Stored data
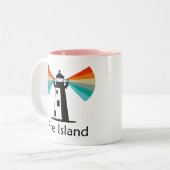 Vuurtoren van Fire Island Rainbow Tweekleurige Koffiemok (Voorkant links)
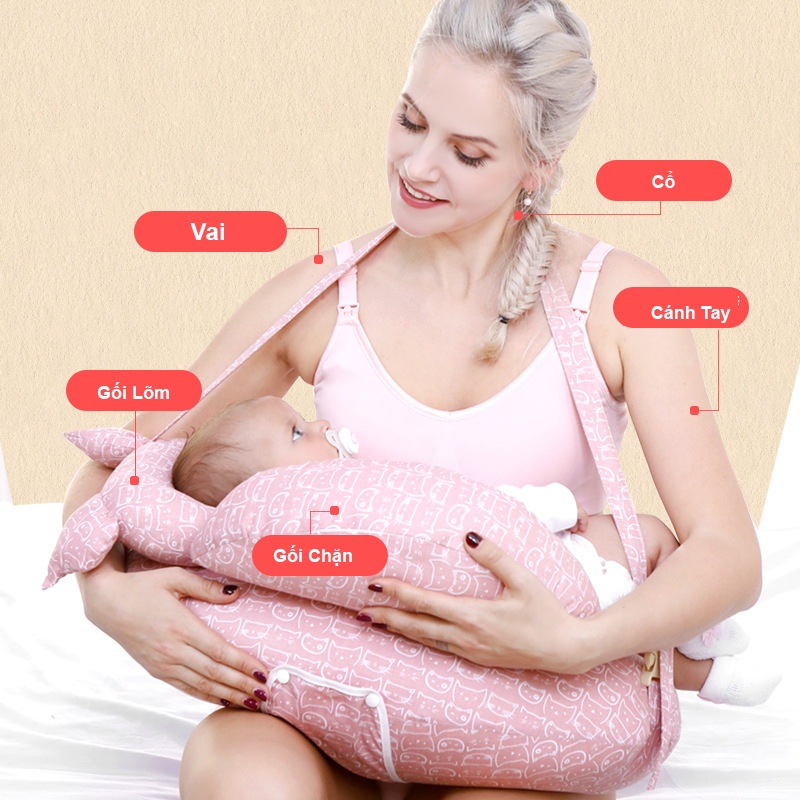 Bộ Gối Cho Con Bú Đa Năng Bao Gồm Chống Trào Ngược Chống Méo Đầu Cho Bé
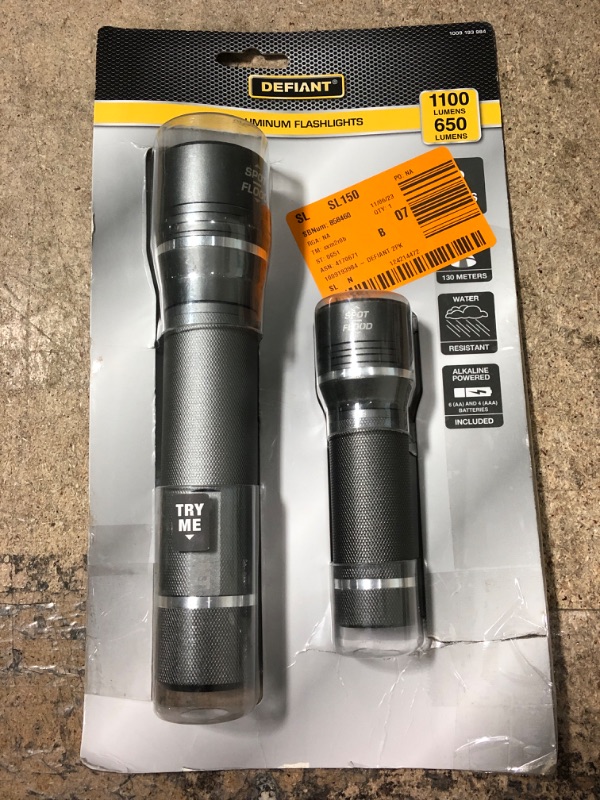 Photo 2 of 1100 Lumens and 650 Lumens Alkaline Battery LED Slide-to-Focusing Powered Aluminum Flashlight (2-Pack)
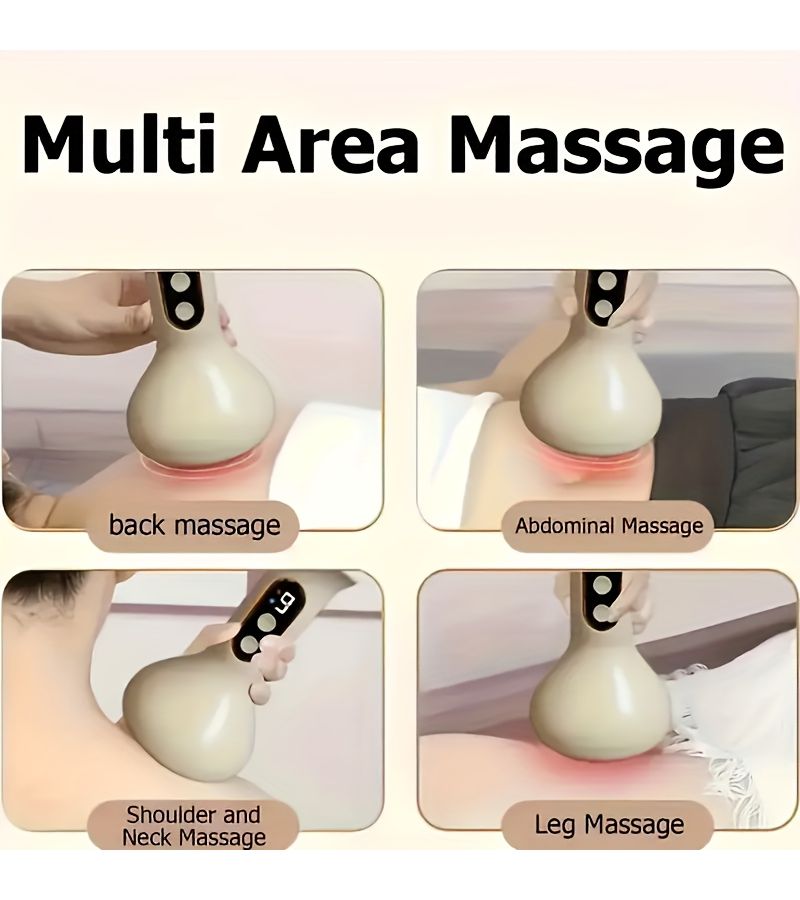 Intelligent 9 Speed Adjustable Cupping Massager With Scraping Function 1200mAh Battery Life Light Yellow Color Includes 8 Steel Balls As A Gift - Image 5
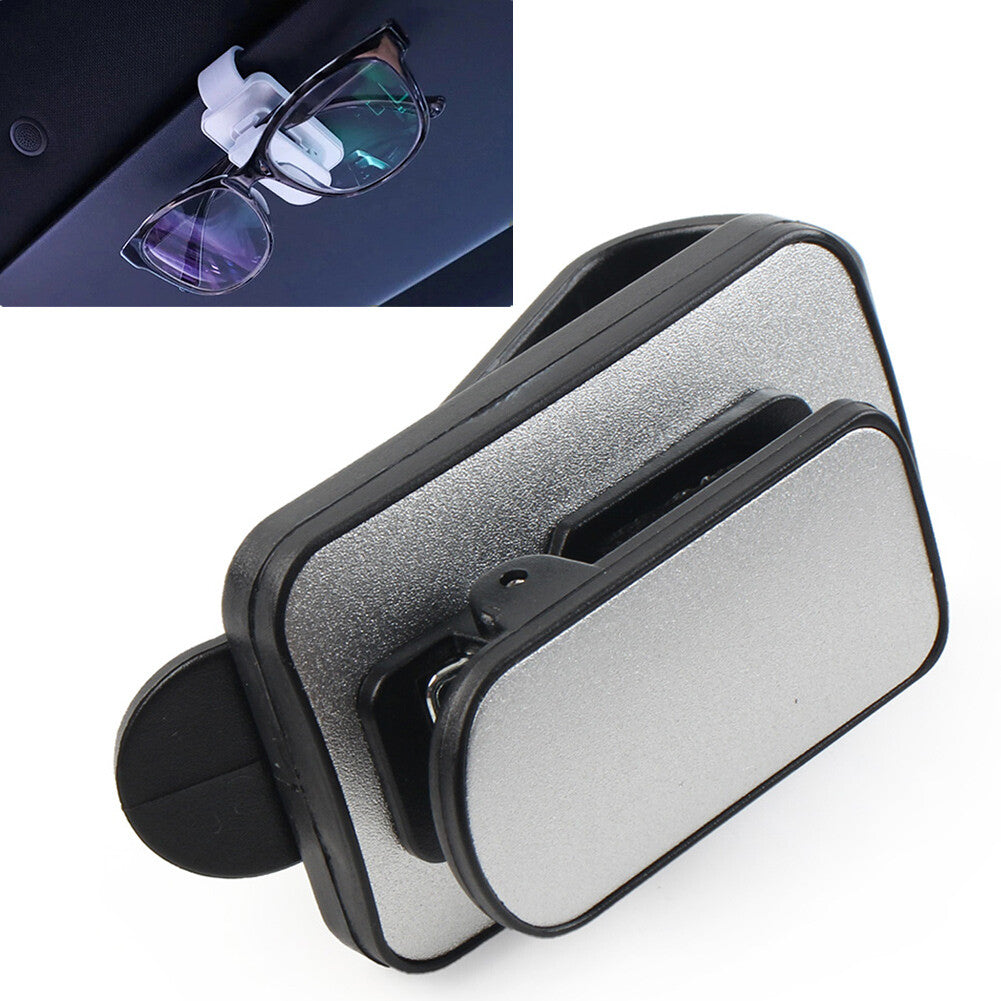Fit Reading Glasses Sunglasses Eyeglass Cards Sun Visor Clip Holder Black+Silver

**Exercise objective**
Exact copies of the lines from the one containing "Photo 2 of 1100" through the end of the records above are required, with no pictures among them.

**Exercise answer**
 Photo 2 of 1100 Lumens and 650 Lumens Alkaline Battery LED Slide-to-Focusing Powered Aluminum Flashlight (2-Pack)
 Intelligent 9 Speed Adjustable Cupping Massager With Scraping Function 1200mAh Battery Life Light Yellow Color Includes 8 Steel Balls As A Gift - Image 5
Fit Reading Glasses Sunglasses Eyeglass Cards Sun Visor Clip Holder Black+Silver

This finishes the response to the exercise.